SPAT: Sensitivity-based Multihead-attention Pruning on Time Series Forecasting Models
Suhan Guo, Jiahong Deng, Mengjun Yi, Furao Shen, Jian Zhao
TL;DR
SPAT tackles the computational burden of attention in multivariate time series forecasting by pruning entire MHA modules via a dispersion-based sensitivity metric, SEND, computed during pretraining. The method yields substantial efficiency gains (FLOPs and parameter reductions) while preserving or improving forecasting accuracy and zero-shot transfer capabilities. Across eight real-world datasets, SPAT-pruned models outperform many lightweight, Mamba-based, and LLM-based SOTA methods in most settings, underscoring the value of retaining only the most impactful attention mechanisms. This work demonstrates that targeted, structure-preserving pruning can deliver practical, hardware-friendly improvements for time-series forecasting with Transformer architectures.
Abstract
Attention-based architectures have achieved superior performance in multivariate time series forecasting but are computationally expensive.

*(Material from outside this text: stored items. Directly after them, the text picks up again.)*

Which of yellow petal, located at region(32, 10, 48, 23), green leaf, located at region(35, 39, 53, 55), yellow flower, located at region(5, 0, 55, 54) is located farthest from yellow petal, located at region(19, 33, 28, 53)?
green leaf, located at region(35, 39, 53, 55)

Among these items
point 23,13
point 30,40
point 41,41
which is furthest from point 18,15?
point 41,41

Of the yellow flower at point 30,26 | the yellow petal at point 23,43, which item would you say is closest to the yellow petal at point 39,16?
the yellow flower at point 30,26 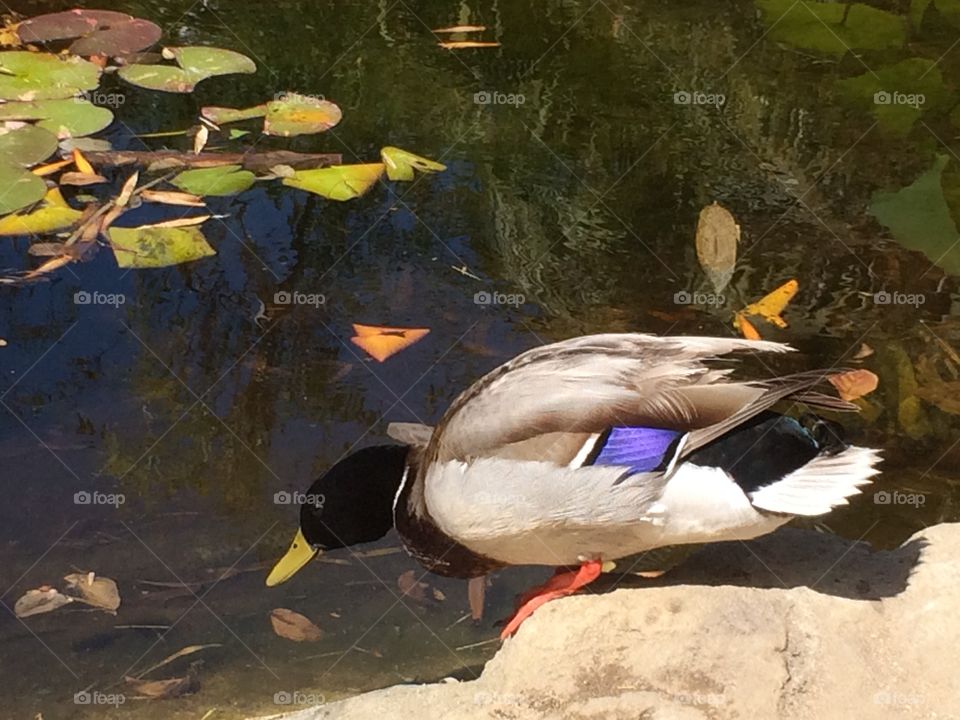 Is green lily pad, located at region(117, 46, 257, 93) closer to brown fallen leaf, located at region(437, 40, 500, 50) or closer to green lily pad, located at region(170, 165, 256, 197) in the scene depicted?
green lily pad, located at region(170, 165, 256, 197)

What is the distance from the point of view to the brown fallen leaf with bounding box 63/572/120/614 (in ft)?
11.4

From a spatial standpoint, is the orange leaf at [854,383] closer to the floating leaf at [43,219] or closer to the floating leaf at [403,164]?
the floating leaf at [403,164]

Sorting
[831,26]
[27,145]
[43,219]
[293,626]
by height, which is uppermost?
[831,26]

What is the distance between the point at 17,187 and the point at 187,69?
51.3 inches

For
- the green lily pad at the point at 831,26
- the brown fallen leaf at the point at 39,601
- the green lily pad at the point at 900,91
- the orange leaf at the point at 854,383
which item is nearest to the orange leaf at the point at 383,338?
the brown fallen leaf at the point at 39,601

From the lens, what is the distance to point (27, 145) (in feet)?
17.3

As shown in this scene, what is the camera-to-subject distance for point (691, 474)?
10.1 ft

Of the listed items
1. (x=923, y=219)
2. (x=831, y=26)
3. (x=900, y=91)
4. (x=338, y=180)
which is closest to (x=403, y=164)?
(x=338, y=180)

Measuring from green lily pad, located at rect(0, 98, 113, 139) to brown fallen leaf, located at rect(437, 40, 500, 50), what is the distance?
1876mm

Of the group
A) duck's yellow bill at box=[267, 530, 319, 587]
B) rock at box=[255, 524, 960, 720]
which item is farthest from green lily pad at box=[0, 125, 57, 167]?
rock at box=[255, 524, 960, 720]

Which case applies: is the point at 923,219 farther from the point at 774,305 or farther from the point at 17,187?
the point at 17,187

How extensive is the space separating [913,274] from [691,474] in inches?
98.0

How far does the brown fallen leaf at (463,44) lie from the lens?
21.7ft

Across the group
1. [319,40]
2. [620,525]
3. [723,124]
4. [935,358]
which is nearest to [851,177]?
[723,124] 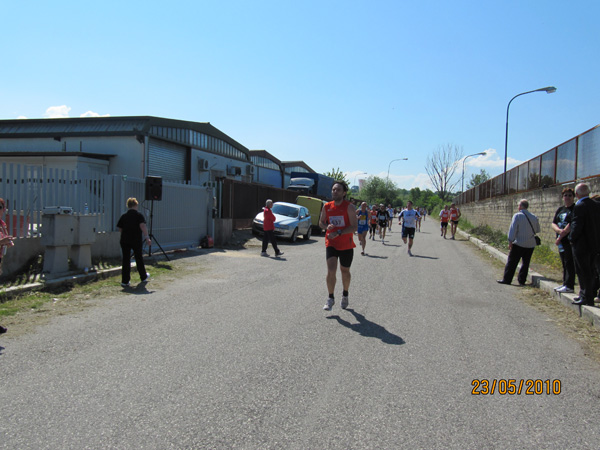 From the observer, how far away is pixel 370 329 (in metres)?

Techniques such as patching and adaptive masking have been developed to reduce their sizes and latencies. In this work, we propose a structured pruning method, SPAT ($\textbf{S}$ensitivity $\textbf{P}$runer for $\textbf{At}$tention), which selectively removes redundant attention mechanisms and yields highly effective models. Different from previous approaches, SPAT aims to remove the entire attention module, which reduces the risk of overfitting and enables speed-up without demanding specialized hardware. We propose a dynamic sensitivity metric, $\textbf{S}$ensitivity $\textbf{E}$nhanced $\textbf{N}$ormalized $\textbf{D}$ispersion (SEND) that measures the importance of each attention module during the pre-training phase. Experiments on multivariate datasets demonstrate that SPAT-pruned models achieve reductions of 2.842% in MSE, 1.996% in MAE, and 35.274% in FLOPs. Furthermore, SPAT-pruned models outperform existing lightweight, Mamba-based and LLM-based SOTA methods in both standard and zero-shot inference, highlighting the importance of retaining only the most effective attention mechanisms. We have made our code publicly available https://anonymous.4open.science/r/SPAT-6042.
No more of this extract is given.